About this exercise: Among the records below, find the line with "2015 Chevrolet Captiva" and the line with "Xiaomi Redmi Not". Set down both and every line between, exactly and with no pictures, but nothing else.
==== Supplied data
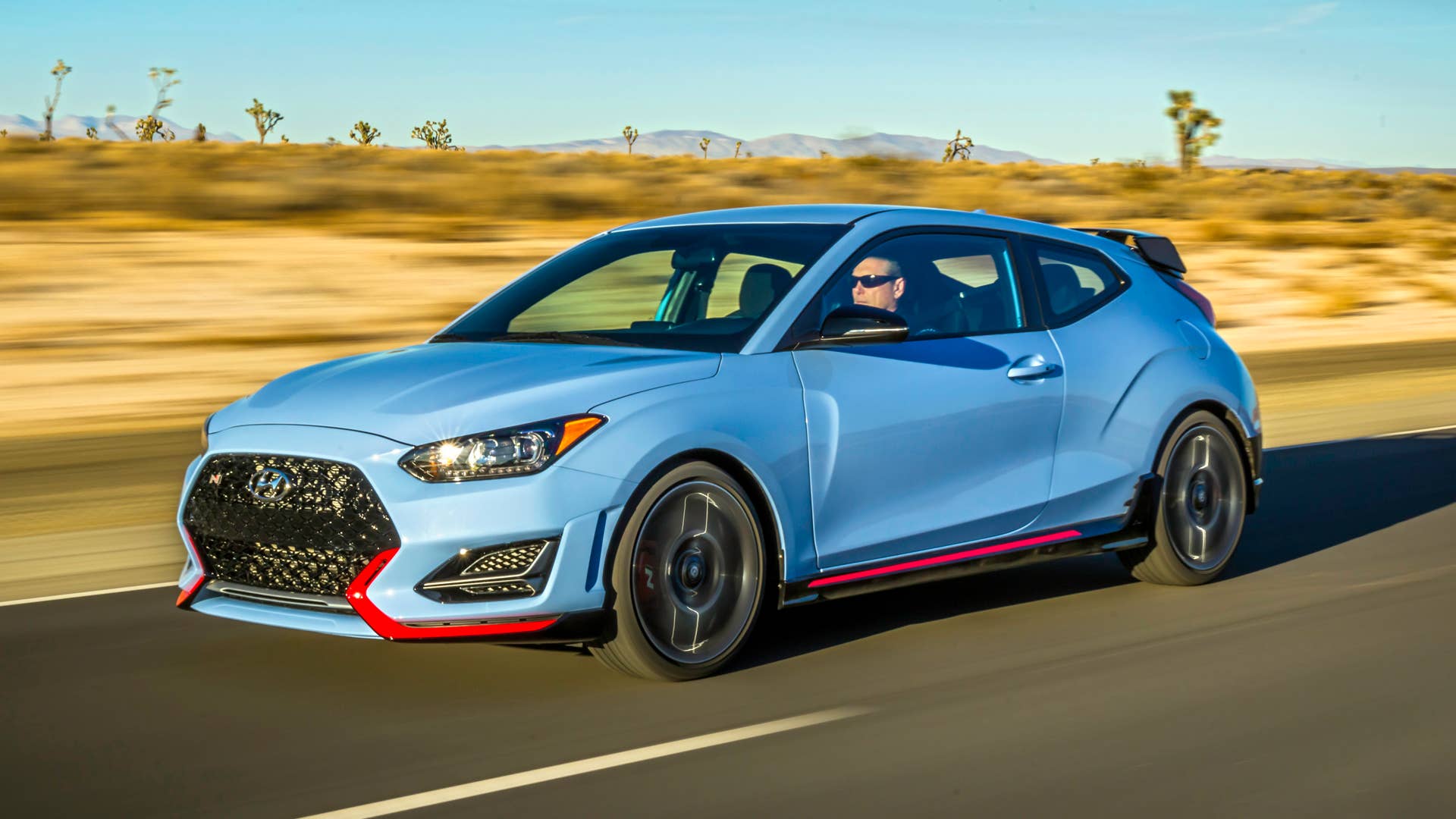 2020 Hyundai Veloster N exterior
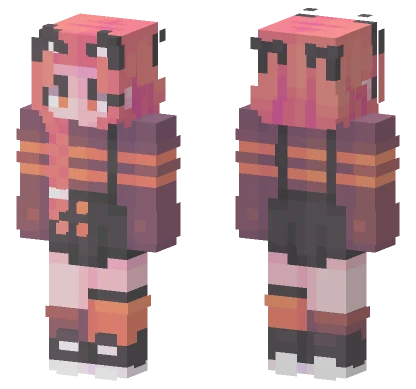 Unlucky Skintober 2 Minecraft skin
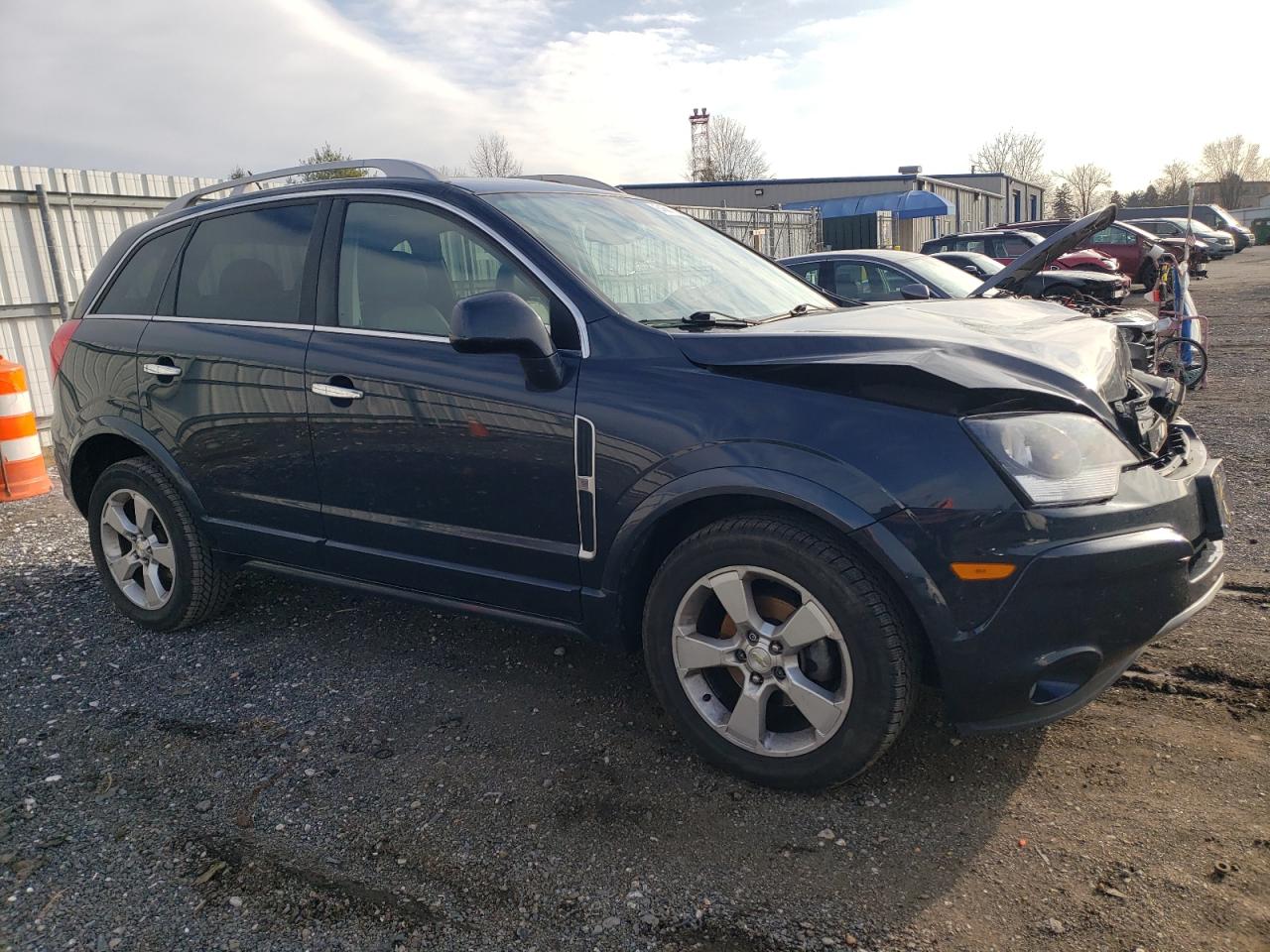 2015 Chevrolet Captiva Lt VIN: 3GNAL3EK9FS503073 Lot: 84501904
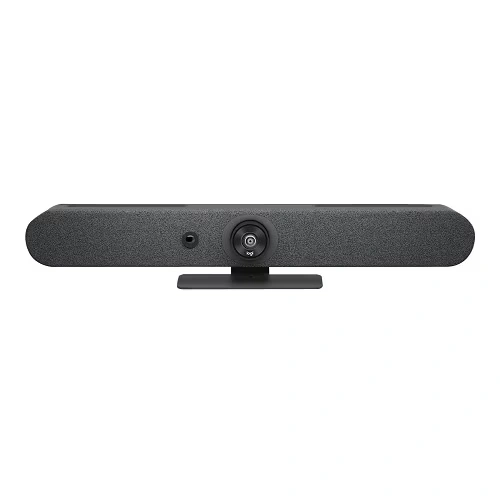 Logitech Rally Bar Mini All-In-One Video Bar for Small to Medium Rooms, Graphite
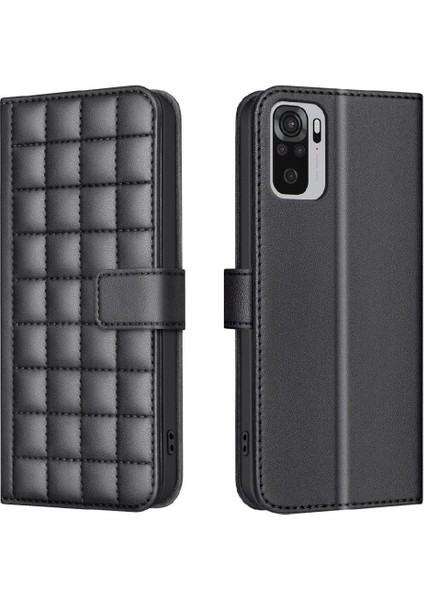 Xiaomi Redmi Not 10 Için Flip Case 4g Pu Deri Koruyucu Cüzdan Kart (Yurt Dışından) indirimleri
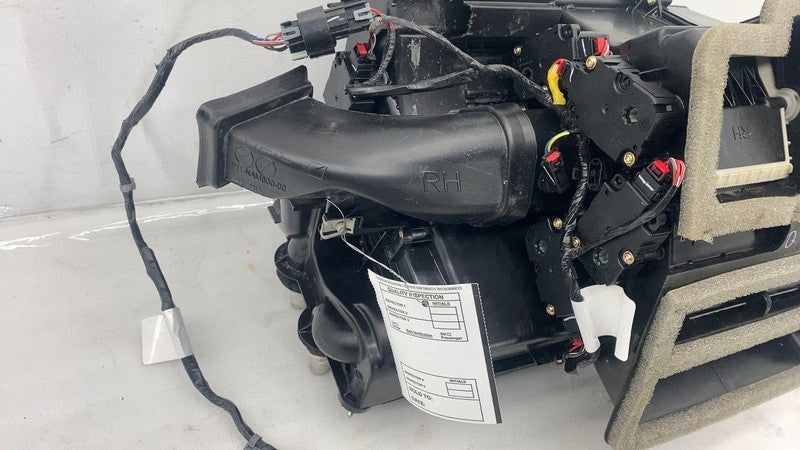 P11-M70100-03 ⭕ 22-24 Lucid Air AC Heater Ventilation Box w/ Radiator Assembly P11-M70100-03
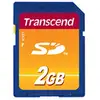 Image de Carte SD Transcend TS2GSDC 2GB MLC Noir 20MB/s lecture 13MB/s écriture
========
==== Supplied data
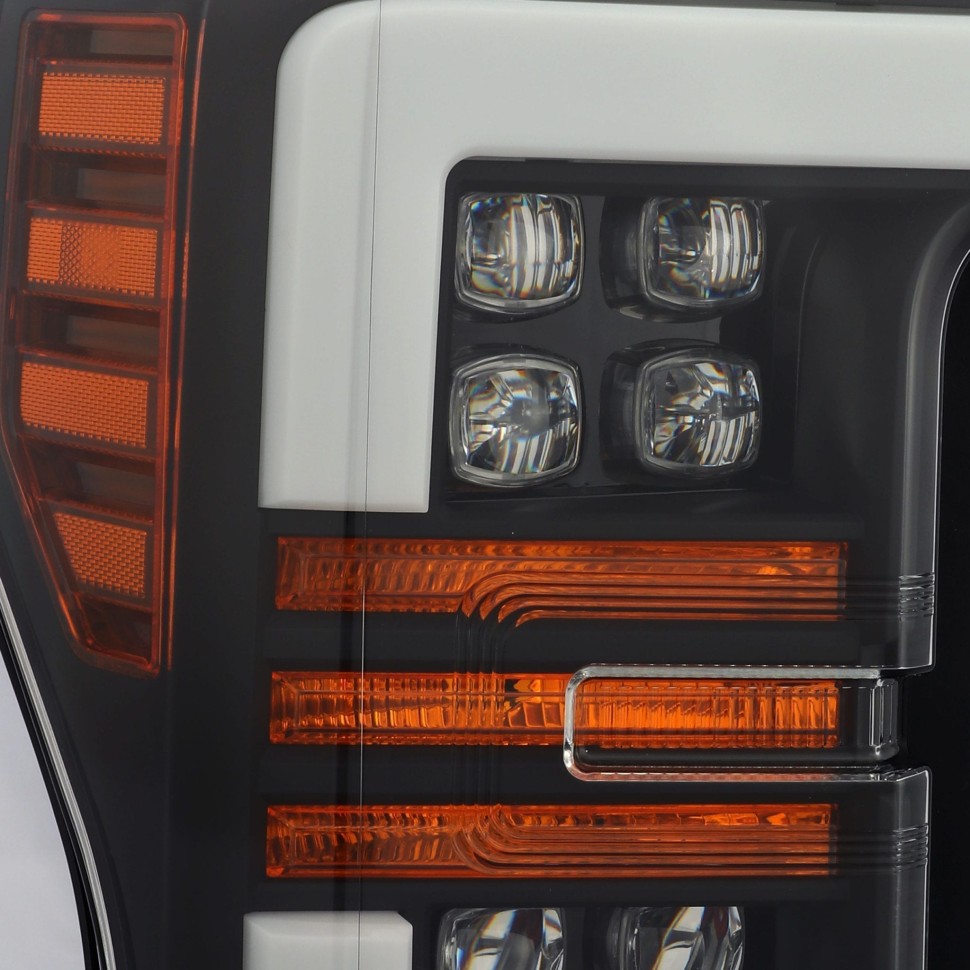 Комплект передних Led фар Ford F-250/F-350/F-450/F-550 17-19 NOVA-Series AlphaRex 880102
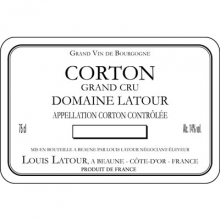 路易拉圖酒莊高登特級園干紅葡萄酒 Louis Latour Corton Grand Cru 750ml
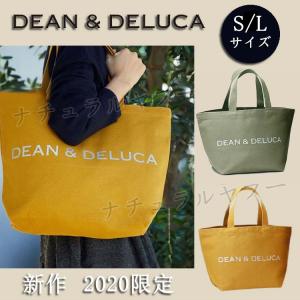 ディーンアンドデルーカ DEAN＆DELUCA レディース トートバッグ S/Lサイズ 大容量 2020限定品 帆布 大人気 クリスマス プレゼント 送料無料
========
Your solution:
 2015 Chevrolet Captiva Lt VIN: 3GNAL3EK9FS503073 Lot: 84501904
 Logitech Rally Bar Mini All-In-One Video Bar for Small to Medium Rooms, Graphite
 Xiaomi Redmi Not 10 Için Flip Case 4g Pu Deri Koruyucu Cüzdan Kart (Yurt Dışından) indirimleri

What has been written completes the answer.